> **WHAT THE TASK REQUIRES**: Give back exactly the line containing "Slide: The Image" together with all the lines after it, ending at the final line below.

> **DATA**:
------
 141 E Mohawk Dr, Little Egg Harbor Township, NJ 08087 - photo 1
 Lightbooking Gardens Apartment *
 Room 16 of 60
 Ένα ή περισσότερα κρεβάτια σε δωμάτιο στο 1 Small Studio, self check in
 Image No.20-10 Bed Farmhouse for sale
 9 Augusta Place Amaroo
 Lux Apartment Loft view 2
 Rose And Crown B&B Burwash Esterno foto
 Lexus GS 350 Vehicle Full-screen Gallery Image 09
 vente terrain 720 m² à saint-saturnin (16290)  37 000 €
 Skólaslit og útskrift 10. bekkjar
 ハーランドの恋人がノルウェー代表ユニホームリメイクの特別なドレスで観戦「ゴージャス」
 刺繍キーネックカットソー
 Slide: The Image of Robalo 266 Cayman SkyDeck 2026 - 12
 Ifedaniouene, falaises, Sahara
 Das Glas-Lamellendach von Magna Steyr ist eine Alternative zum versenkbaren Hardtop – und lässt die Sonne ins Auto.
------
> **SOLUTION FOR THIS EXERCISE**:
 Slide: The Image of Robalo 266 Cayman SkyDeck 2026 - 12
 Ifedaniouene, falaises, Sahara
 Das Glas-Lamellendach von Magna Steyr ist eine Alternative zum versenkbaren Hardtop – und lässt die Sonne ins Auto.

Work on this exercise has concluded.